In quei primissimi palpiti dell’universo,
‘Quando il cielo si fu allontanato dalla terra,
E la terra separata dal cielo…
E il nome dell’uomo fu fissato’.


Enki, il Padre, Dio della Saggezza nel suo aspetto metafisico, e Dio delle Acque nel suo aspetto sessuale, decide di affrontare l’Ignoto, come altri personaggi sciamanici diretti nell’oltretomba. La regina degli inferi, Ereshkigal, gli scatena contro massi e spiriti maligni. Divampa la battaglia tra tra maschio e femmina, tra conscio e inconscio. Enki, Dio delle Acque, invade, penetra Ereshkigal e dal loro vorticoso amplesso nasce un albero, l’huluppu.
La pianta germoglia presso il fiume Eufrate, ma il vento del Sud la sradica e la lancia in mezzo alla corrente. Ed ecco finalmente la nostra eroina comparire: lo raccoglie e lo pianta nel suo giardino.
Dal suo tronco costruirà il suo trono e il suo letto.
Ma l’huluppu viene abitato da tre creature diaboliche che Inanna non riesce a cacciare: il serpente, l’uccello-Anzu e Lilith, che rappresentano una triade di creature senza legge e dominate dal sesso, quelle stesse paure e desideri inespressi cui Inanna sa ora dare un nome.
Per liberarsi dai suoi mostri, la Dea chiede aiuto al suo fratello terreno, Ghilgamesh, eroe di Uruk, che con la sua ascia possente sradica per la terza volto l’huluppu e lo pianta nella città, lo dona alla civiltà, dove produce ‘reciproci doni’ per tutto Sumer.
Finalmente Inanna è regina del paese e, come ogni eroe nei poemi epici, si mette in viaggio per ottenere i doni della Saggezza da Enki, che ubriaco di birra le dona i sacri rituali necessari alla corretta guida del suo regno.
È tempo di trovare un marito per la giovane regina. Sarà il pastore Dumuzi. Il grano è maturo, la lattuga germoglia, i giardini sono in boccio, l’acqua fluisce rapida, e il latte fresco è abbondante. La natura, con la sua gloriosa rinascita, lega gli amanti.
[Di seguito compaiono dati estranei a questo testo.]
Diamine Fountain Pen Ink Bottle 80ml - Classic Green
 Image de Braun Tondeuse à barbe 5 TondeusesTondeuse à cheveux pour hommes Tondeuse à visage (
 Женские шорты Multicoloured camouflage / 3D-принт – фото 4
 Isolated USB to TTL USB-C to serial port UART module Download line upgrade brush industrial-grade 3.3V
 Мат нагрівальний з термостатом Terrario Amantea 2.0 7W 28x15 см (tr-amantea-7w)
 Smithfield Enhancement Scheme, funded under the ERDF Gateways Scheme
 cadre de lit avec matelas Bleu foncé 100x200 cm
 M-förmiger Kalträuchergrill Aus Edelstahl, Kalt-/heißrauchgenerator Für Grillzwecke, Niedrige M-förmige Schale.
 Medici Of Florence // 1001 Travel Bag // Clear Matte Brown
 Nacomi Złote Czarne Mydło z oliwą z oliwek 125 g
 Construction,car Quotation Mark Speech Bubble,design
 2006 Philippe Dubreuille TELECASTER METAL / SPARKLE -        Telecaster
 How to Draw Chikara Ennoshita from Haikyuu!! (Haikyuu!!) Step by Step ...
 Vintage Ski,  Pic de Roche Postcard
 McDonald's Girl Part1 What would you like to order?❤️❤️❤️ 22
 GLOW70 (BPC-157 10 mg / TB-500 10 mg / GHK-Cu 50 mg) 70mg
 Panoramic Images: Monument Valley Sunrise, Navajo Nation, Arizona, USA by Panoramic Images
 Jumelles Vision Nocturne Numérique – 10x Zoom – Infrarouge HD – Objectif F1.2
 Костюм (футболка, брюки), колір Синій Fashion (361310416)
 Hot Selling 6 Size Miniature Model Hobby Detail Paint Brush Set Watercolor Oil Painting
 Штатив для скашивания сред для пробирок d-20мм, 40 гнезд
‘O signora, il tuo seno è il tuo campo…
I tuo vasto campo è rigoglioso di piante di piante.
Il tuo vasto campo è rigoglioso di grano…
Fallo sgorgare da me, o Inanna,
Ciò che tu offri, tutto io lo berrò’.


Inanna canta:

‘L’uomo mio di miele, il mio uomo di miele
Mi colma sempre di dolcezza.
Il mio signore, l’uomo di miele degli dei
È quello che la mia vulva ama di più.
La sua mano è di miele, di miele anche il suo piede,
Egli mi colma di dolcezza sempre’.


Regina, sposa e madre, alla dea Inanna manca l’esperienza spirituale del mondo dell’oltretomba. Abbandona tutto per esplorare il Grande Infero, l’inconscio.
Ne emerge più forte della conoscenza del bene e del male, ma Dumuzi preso dalla cupidigia del potere non le va incontro.
Il rancore della Dea è violento, la sua vendetta spietata: anche Dumuzi dovrà affrontare i pericoli dell’oltretomba e solo allora diventerà di nuovo degno della Dea del Cielo e della Terra.